Hey, Finagle, over here!

I can’t beleiev you’ve heard of Thorne Smith–I thought Ukelele Ike and I were the only ones to bat about bizarre old pop-culture references like Thorne, Tiffany Thayer, Elinor Glyn, Milt Gross . . . Jiminy, I could go on and on!

You and Ike and I should get together . . . but I take it you’re not a New Yorker?

Aw shucks, Thorne Smith isn’t that obscure. They reprinted all his books back when I was in college in … ok, maybe he is obscure.

Unfortunately, as you’ve guessed, I’m just a country mouse who doesn’t get into the Big City very often. 'Sides, you and Ike would probably get drunk and try to crash the car into a tree.

Too bad though, I wouldn’t mind learning something about Eve…
Finagle (on Mispec Moor)

Oh, don’t worry, dear, I’m Ike’s designated driver. He soaks up the vodka, while I sit back and make veiled wisecracks. I wait till I get home before getting out the laudenum or the opium pipe.

What part of the country are you mousing around in?

As for dear Thorne Smith, he wrote one marvelous novel–sadly, he wrote it 27 times. You must try to find some early Tiffany Thayer–he did some of the greatest hard-boiled stuff of the early '30s (Call Her Savage, 13 Men, 13 Women). Try bookfinder.com or one of those similar sites.

Well, at least you and Ike and I can be the Internet Mrs. Parker, Mr. Benchley and, now, Mr. Woollcott.

Well, I’m nearsighted enough to be the Mr. Woollcott, but I’ll need to throw on a few extra pounds.

TOPPER and TOPPER TAKES A TRIP have recently been re-packaged and re-issued by Random House in trade paperback, complete with spiffy new cover art.

I have to admit, though, that while I have several Thorne Smith novels in my library, I have NEVER FINISHED ONE. I like the concept of them more than I like the books themselves. Smith’s idea of “fun” wears me out by about the sixtieth page, every time.

– Ukulele (“You remind my of my Grandfather’s coachman”) Ike.

Oh, Ike, darling—in real life you’re as whippet-thin as Geo. S. Kaufman. It’s only in those carnival-lens photos from Chicago that you could pass for Mr. Woollcott.

I’m not a big Thorne Smith fan either, but you can’t keep me away from Olive Higgins Prouty, J.P. McEvoy or Tiffany Thayer.

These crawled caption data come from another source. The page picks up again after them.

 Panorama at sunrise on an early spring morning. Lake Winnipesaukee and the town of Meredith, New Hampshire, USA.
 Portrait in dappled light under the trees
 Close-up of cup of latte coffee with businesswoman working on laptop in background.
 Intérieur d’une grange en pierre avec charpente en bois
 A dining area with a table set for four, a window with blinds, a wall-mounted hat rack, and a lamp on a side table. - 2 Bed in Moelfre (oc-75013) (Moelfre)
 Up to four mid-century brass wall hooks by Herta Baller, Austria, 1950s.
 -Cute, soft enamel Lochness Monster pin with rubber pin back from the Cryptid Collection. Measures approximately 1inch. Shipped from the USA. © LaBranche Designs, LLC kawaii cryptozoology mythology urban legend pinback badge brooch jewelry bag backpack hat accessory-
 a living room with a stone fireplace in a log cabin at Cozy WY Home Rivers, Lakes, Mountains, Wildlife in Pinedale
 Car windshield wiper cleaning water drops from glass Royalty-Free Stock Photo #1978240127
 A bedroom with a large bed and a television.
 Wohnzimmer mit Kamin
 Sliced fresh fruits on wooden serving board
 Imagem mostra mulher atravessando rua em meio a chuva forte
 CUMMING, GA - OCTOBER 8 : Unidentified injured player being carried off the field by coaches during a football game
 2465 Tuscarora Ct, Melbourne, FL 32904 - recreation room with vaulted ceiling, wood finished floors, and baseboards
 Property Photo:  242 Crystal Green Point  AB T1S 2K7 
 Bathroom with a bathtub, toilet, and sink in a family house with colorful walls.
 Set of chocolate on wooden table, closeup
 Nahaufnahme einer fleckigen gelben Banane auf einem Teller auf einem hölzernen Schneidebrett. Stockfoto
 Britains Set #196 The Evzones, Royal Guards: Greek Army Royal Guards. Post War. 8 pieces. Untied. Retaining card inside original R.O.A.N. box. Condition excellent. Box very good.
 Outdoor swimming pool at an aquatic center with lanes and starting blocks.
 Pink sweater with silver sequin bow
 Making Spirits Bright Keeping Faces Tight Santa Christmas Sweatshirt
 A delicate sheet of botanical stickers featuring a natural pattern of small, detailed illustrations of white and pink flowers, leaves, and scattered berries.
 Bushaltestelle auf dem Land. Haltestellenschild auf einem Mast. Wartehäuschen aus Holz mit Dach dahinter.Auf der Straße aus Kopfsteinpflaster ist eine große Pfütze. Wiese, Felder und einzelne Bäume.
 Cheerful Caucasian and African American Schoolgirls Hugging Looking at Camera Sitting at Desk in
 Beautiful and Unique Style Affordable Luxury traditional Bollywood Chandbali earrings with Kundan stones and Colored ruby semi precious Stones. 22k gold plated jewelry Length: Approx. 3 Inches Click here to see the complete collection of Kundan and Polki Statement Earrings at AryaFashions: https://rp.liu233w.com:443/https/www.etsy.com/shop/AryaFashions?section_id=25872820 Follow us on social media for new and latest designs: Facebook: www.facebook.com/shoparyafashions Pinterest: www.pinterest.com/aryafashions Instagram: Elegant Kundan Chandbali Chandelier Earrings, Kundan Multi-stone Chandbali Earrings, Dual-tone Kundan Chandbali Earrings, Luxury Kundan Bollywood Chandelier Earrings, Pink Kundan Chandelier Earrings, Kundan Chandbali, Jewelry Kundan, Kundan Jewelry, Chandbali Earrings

By the way, Ike, I have some '20s potboilers I’m through with—can I send 'em over to your office after the first of the year? Assuming the US mail system is still up and running?

Unless Finagle wants 'em . . .

Ike, I’m glad to hear I’m not the only one who feels that Thorne Smith’s reach often exceeded his grasp. I’ll read the cover blurbs, think “this should be really funny,” but find myself bogging down during the actual reading.

Dibs on the Thayer if that’s in your pile of '20s potboilers. Libraries up here in the cultural wasteland that is the North Shore tend more towards the '90s potboilers.

You think Thorne Smith wrote the same book 27 times, try Patricia Cornwell or Michael Crichton. Those are some hours I’ll never get back again…

I read one Thorne Smith book and enjoyed it—then got a collection and halfway through went, “hey, you can’t fool me—these are all the same book with new titles slapped on 'em!”

Sorry, no Tiffany Thayers up for grabs—but you can find 'em on bookfinder.com and other similar sites. I highly recommend 13 Men, 13 Women and Call Her Savage. Also grab J.P. McEvoy’s Show Girl and Hollywood Girl.

The two I have are A Maid and a Million Men (about a society deb who goes undercover in WWI) and Count Bruga (a very odd Ben Hecht novel). Both mid-1920s vintage.

Who wants 'em? Ike? Nemo? Finagle?

P.S. North Shore? Y’all from Lawn Guyland, Finagle?


Just head north until the strip malls end, go another 11 or 12 miles until the mosquito density peaks, and hang a right.